» Data block
◇ ◇ ◇ ◇ ◇ ◇ ◇

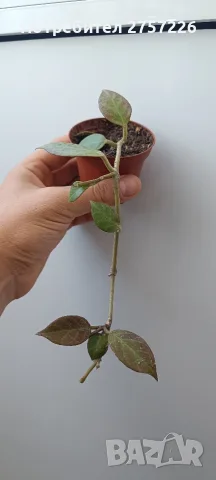 Hoya sunrise,хоя сънрайз , снимка 3 - Стайни растения - 56514828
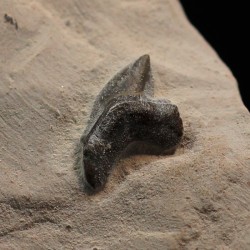 Pseudocorax affinis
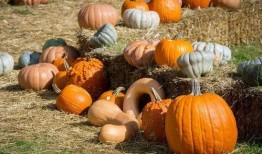 秃子吃瓜,揭秘娱乐圈的“秃”然事件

◇ ◇ ◇ ◇ ◇ ◇ ◇

» Task objective
Give the data again word for word, without images.

» Answer space
 Hoya sunrise,хоя сънрайз , снимка 3 - Стайни растения - 56514828
 Pseudocorax affinis
 秃子吃瓜,揭秘娱乐圈的“秃”然事件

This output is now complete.